All British Columbians - especially youth, parents and caregivers - are encouraged to contribute to the conversation. There are various opportunities to get involved and share your ideas on reducing childhood obesity.

* Visit the website at: While there, you can post ideas, vote on your favourite suggestions, and commit to taking action in your own life. You can also access the website or post your own suggestions via Facebook.

* Attend an in-person dialogue to voice your thoughts. Dialogues will be held across the country. In British Columbia, dates and locations are being finalized. For more details and up-to-date information, visit:

Our Health Our Future is a key step in implementing Curbing Childhood Obesity: A Federal, Provincial and Territorial Framework for Action on Healthy Weights. The framework was adopted by the federal, provincial and territorial ministers of health in September 2010 and is part of a broader approach to healthy living, which includes federal, provincial and territorial work to reduce sodium consumption.

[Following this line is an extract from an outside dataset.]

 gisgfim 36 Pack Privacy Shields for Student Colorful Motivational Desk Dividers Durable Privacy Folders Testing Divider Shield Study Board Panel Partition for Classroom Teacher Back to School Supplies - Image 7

The childhood obesity framework is the first initiative to be implemented under the national Declaration on Prevention and Promotion, endorsed by ministers in September 2010. British Columbia played a key role in championing and supporting the national declaration. B.C.'s provincial health officer, Dr. Perry Kendall, is the co-lead in developing this strategy, along with his federal Health Canada counterpart, Dr. Paul Gully.

Through the framework, ministers responsible for health, as well as their colleagues in sport, physical activity and recreation, have agreed to make childhood obesity a collective priority and to champion this issue, to help create the conditions for healthy weights so that children have the healthiest possible start in life.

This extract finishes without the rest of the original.